→ WORK REQUEST: Leave out the pictures and retype all the entries below exactly.

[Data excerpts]
━━━━━━━━
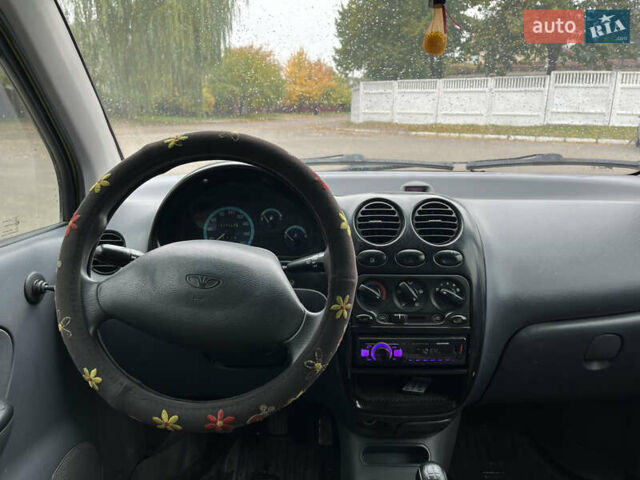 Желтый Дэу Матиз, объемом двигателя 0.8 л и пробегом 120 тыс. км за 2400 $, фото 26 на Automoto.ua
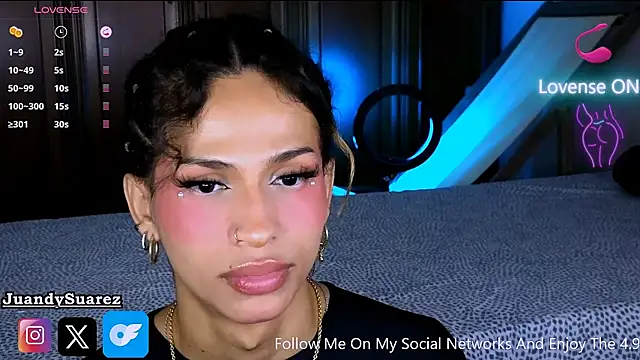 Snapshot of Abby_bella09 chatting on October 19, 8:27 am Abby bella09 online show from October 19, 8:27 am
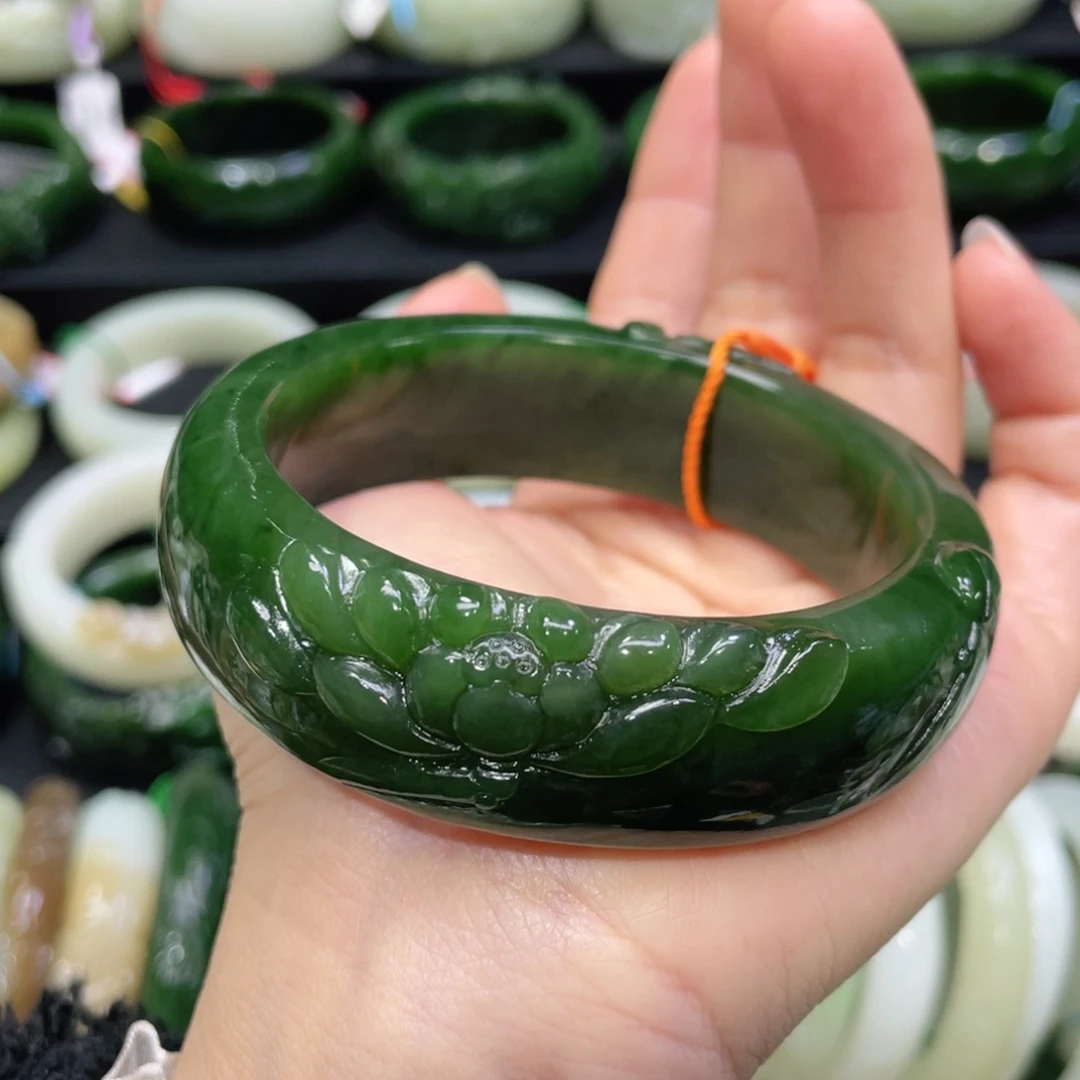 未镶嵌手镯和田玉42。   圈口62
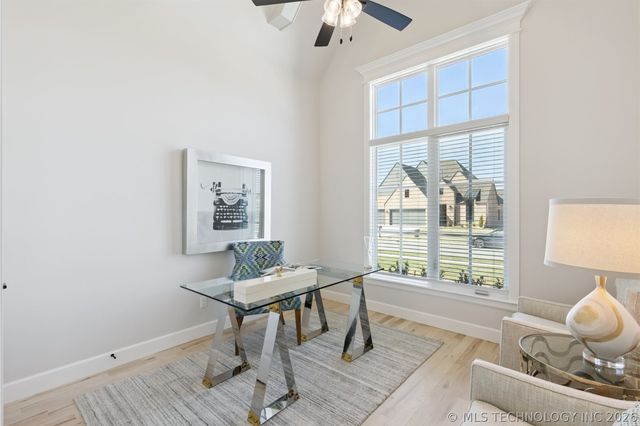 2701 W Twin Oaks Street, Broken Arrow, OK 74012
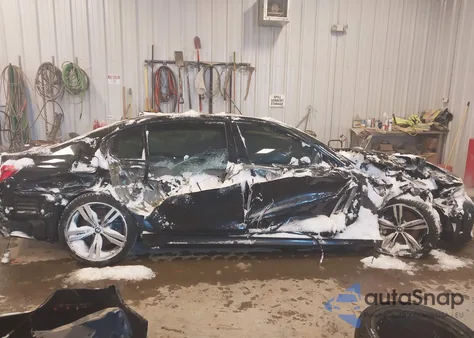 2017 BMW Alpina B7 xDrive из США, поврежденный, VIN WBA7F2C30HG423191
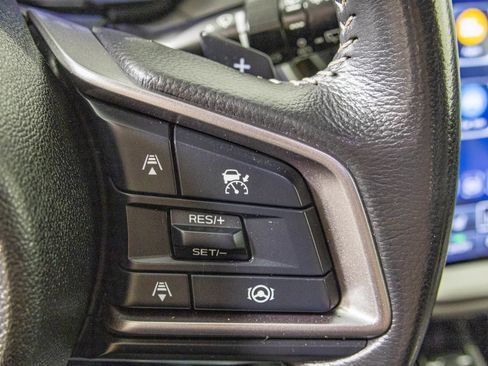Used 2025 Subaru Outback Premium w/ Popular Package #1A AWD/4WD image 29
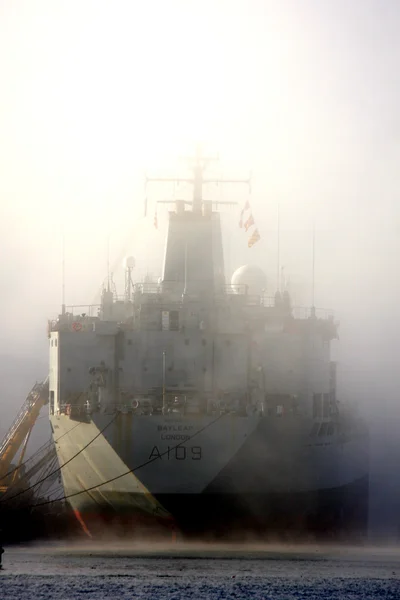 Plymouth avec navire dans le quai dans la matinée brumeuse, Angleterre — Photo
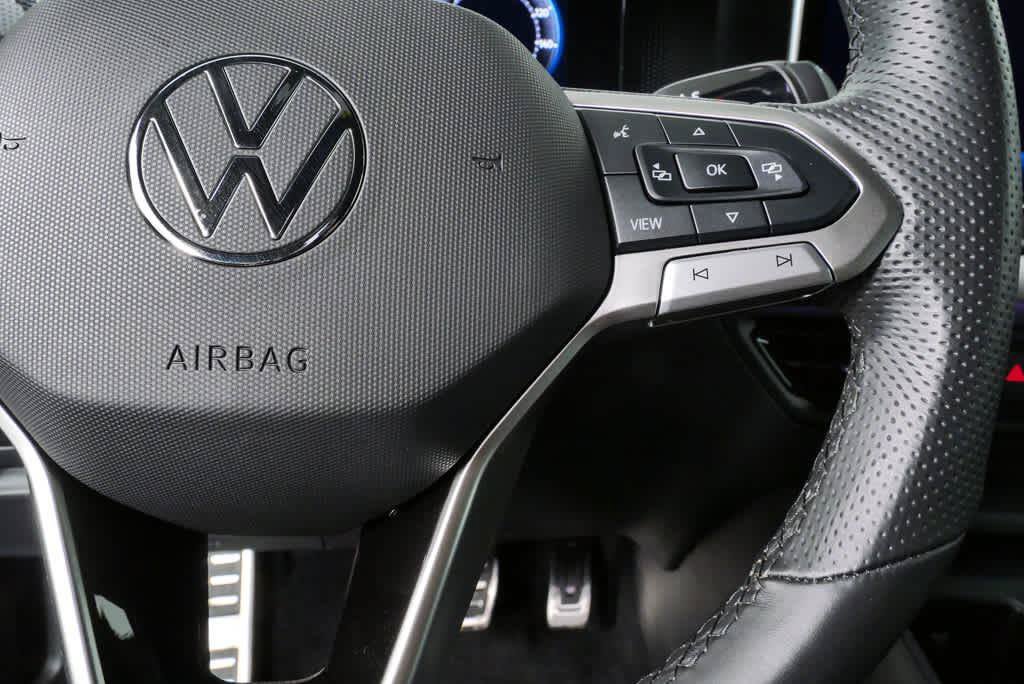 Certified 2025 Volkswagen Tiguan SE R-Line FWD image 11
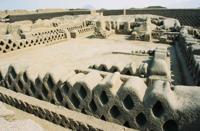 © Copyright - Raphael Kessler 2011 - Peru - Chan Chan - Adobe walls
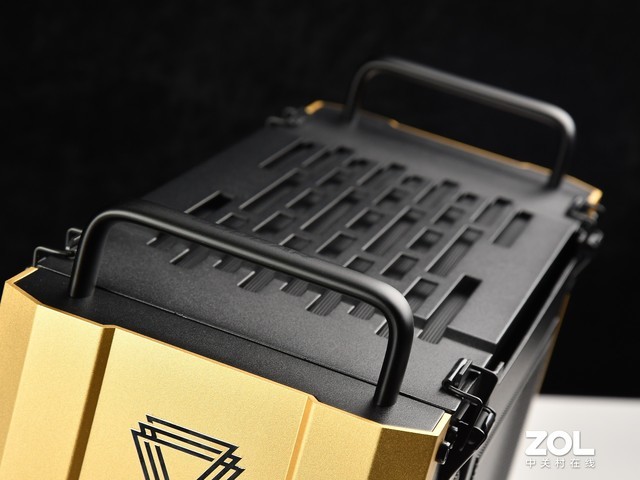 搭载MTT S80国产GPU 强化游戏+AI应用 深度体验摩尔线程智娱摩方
━━━━━━━━
→ EXERCISE OUTPUT:
 Желтый Дэу Матиз, объемом двигателя 0.8 л и пробегом 120 тыс. км за 2400 $, фото 26 на Automoto.ua
 Snapshot of Abby_bella09 chatting on October 19, 8:27 am Abby bella09 online show from October 19, 8:27 am
 未镶嵌手镯和田玉42。   圈口62
 2701 W Twin Oaks Street, Broken Arrow, OK 74012
 2017 BMW Alpina B7 xDrive из США, поврежденный, VIN WBA7F2C30HG423191
Used 2025 Subaru Outback Premium w/ Popular Package #1A AWD/4WD image 29
 Plymouth avec navire dans le quai dans la matinée brumeuse, Angleterre — Photo
 Certified 2025 Volkswagen Tiguan SE R-Line FWD image 11
 © Copyright - Raphael Kessler 2011 - Peru - Chan Chan - Adobe walls
 搭载MTT S80国产GPU 强化游戏+AI应用 深度体验摩尔线程智娱摩方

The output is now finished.